[WHAT THE TASK REQUIRES]
From the line containing "Dark brown Giga" to the last line of the data below, copy everything exactly and nothing else; pictures stay out.
------------------------------------------------
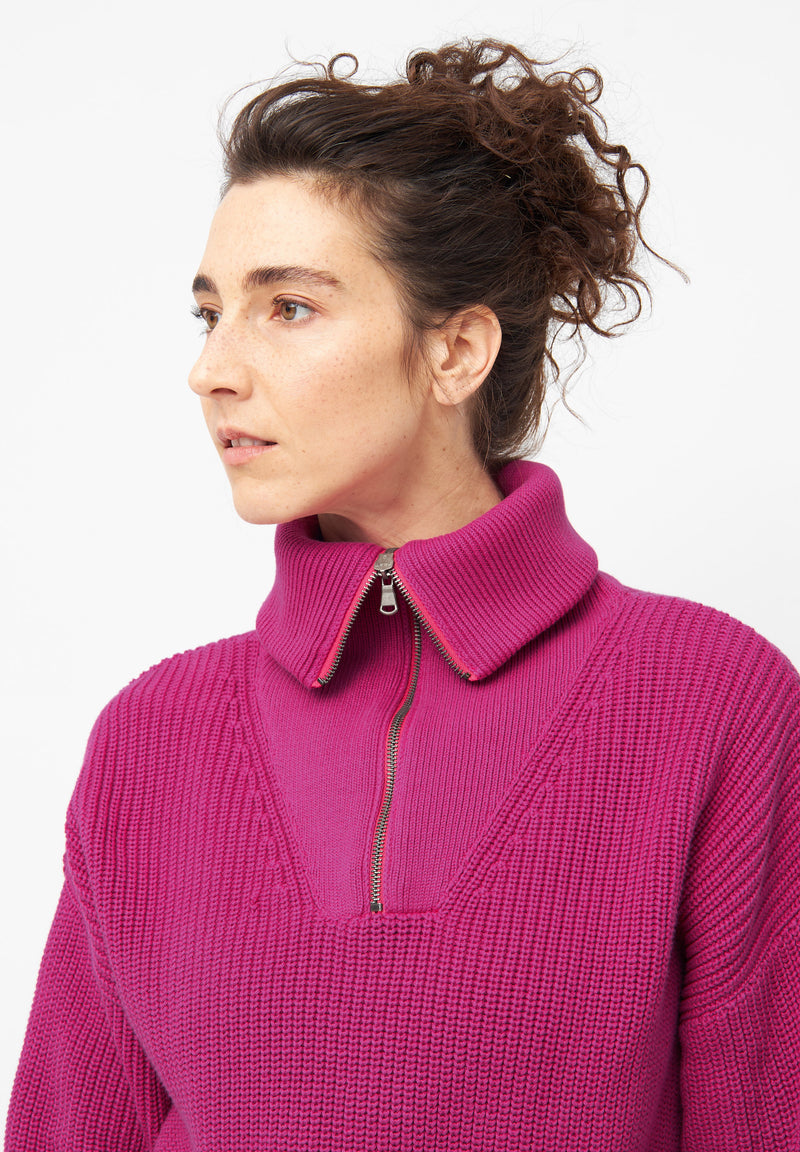 Givn Berlin Troyer-Strickpullover LUZ aus Bio-Baumwolle Sweater Berry Pink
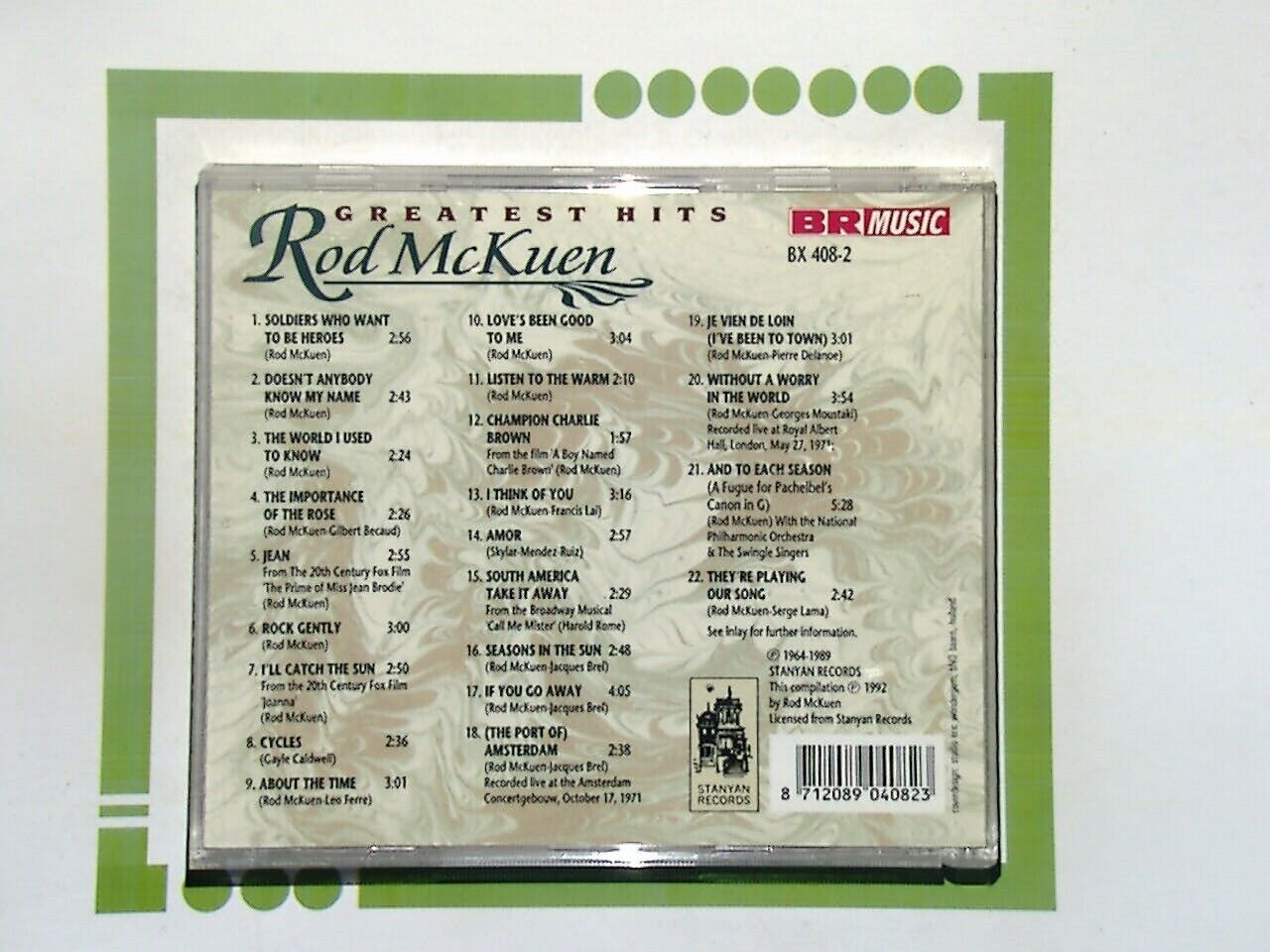 Rod McKuen	Greatest Hits: Without A Worry In the World  CD Mint
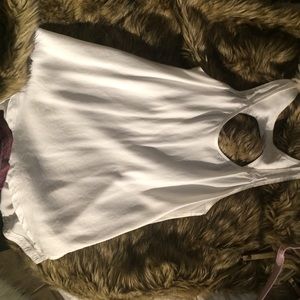 White Lulu Lemon silk tank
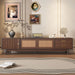 Dark brown Giga TV stand for 80-inch TVs with sliding doors and drawers, featuring modern accent storage unit design.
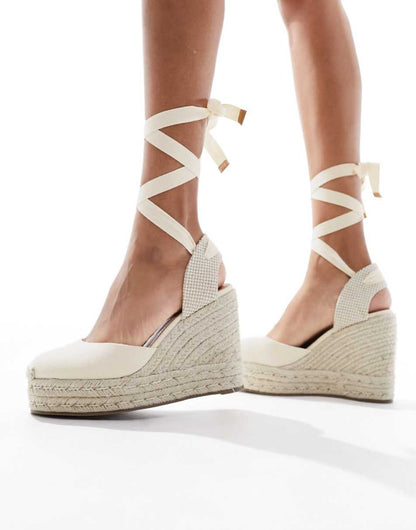 ASOS DESIGN Tyra closed toe wedges in natural linen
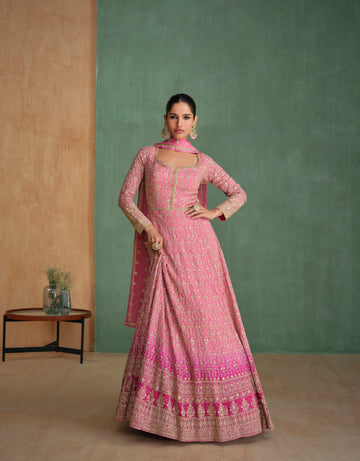 Pink Anarkali Suit with Swarovski Diamond Embroidery and Rich Dupatta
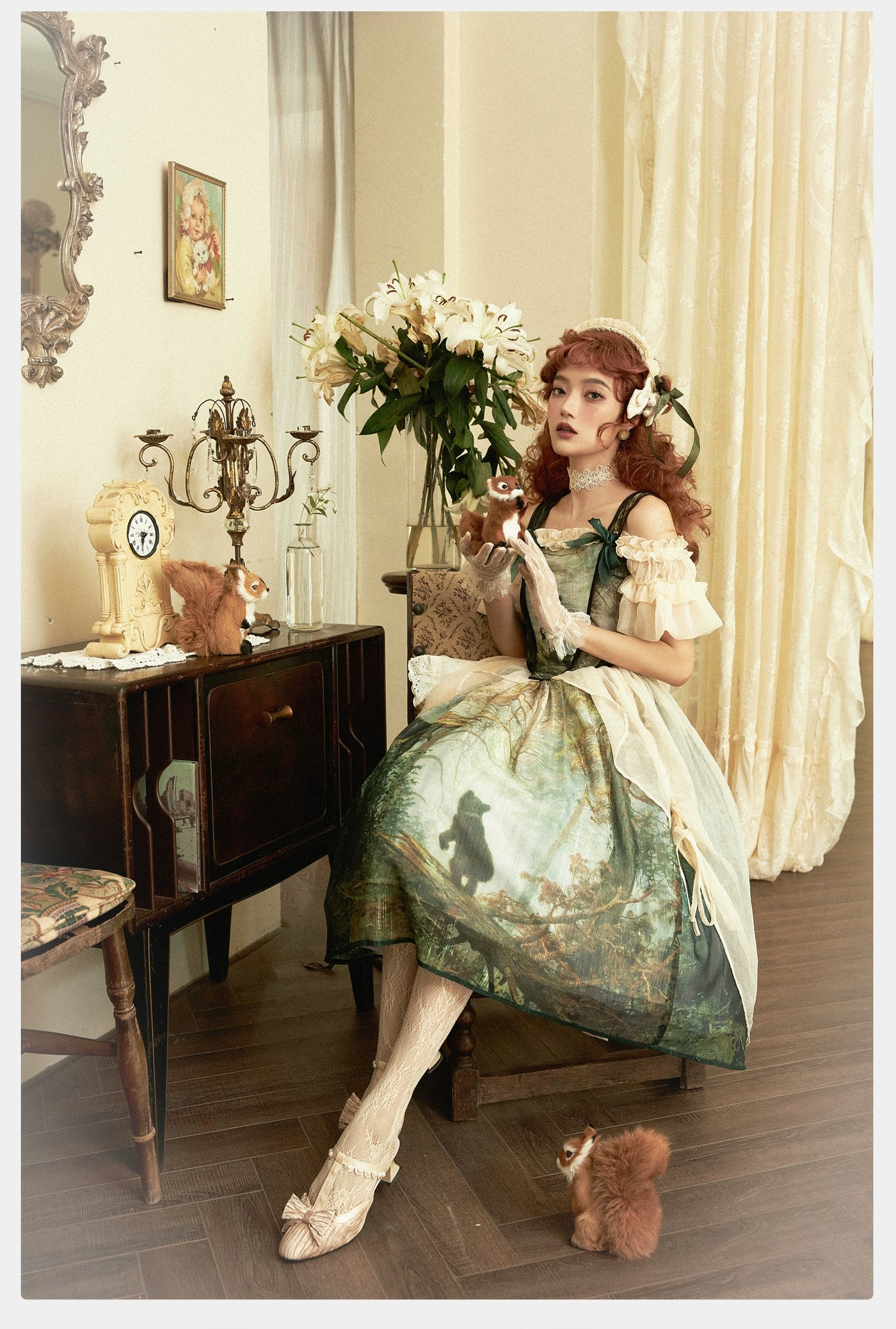 Cyan~Morning of Pine Forest~Elegant Lolita Bear Print Skirt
------------------------------------------------
[RESPONSE FOR THIS EXERCISE]
 Dark brown Giga TV stand for 80-inch TVs with sliding doors and drawers, featuring modern accent storage unit design.
 ASOS DESIGN Tyra closed toe wedges in natural linen
 Pink Anarkali Suit with Swarovski Diamond Embroidery and Rich Dupatta
 Cyan~Morning of Pine Forest~Elegant Lolita Bear Print Skirt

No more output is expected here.